Tuesday, March 24, 2009

Another challenge in life I'll have to face alone.

What the hell is wrong with the Earth?
Everything's going totally wrong. ):

Jonathan, jonathan, jonathan, jonathan..
His name's been running through my mind again and again
since yesterday after learning the truth.
It's so unfair. Why must such things happen to him. Why him?
He's just a harmless and hyperactive guy. Well, not anymore.
However I'd hope he'd get up soon and be that superduper
wild & crazy guy I used to know again.. ( ..sigh )

I feel totally down. IPW presentation's gonna be tomorrow.
I don't feel the slight lil bit of confidence in me.
I lack of self esteem these days.
Not to mention, I have a sore throat that's giving me
a whole lot of problems to speak up. Damn it.

My science teacher's been replaced.
I've always thought she was the worst and she sucks to the core.. but..
I realised that she wasn't that bad afterall.
The new teacher's rather unsure about what he's teaching.
I so want my old teacher back! .. ))): Filled with regret. I suck.
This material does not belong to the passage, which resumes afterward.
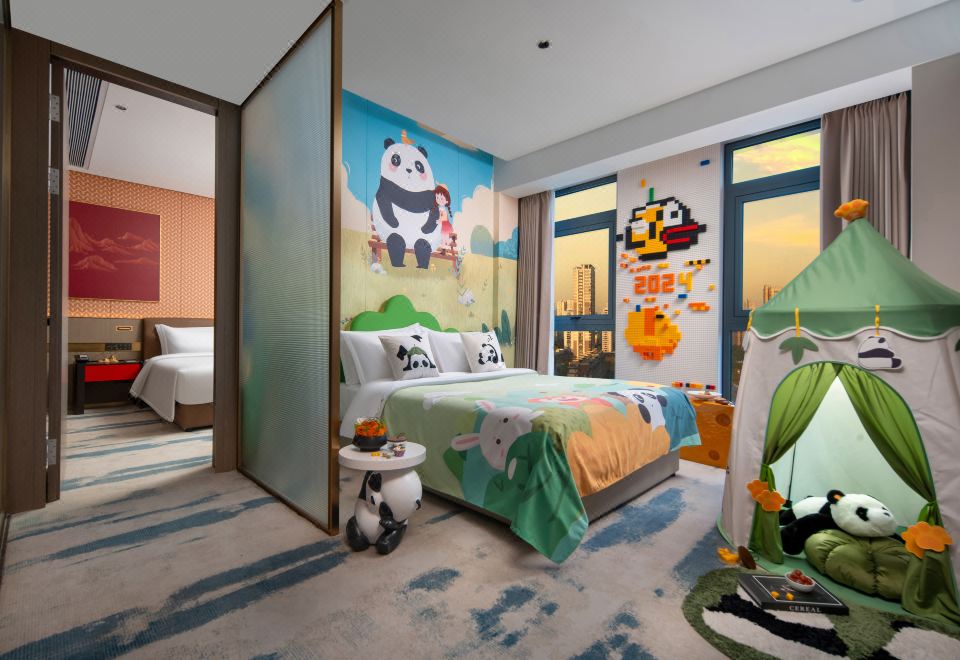 大熊猫亲子主题侧江景套房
My results have been deproving, drastically.
I'm pretty upset. I'm such a letdown. I promised that they had nothing to worry about me. But instead, i'm giving them so much problems. I've been negleting myself and they've been worrying for me. I've never cared about these things. Only them. I'm scared. Scared to tell them, I've been negleting my eye.. and I've made the ulcer in the cornea even larger. Eye drops don't work anymore. I'm afraid..

Look. My eyebags. They've grown bigger.
Stressed. Stressed. Stressed. I needa break. I need time on my own.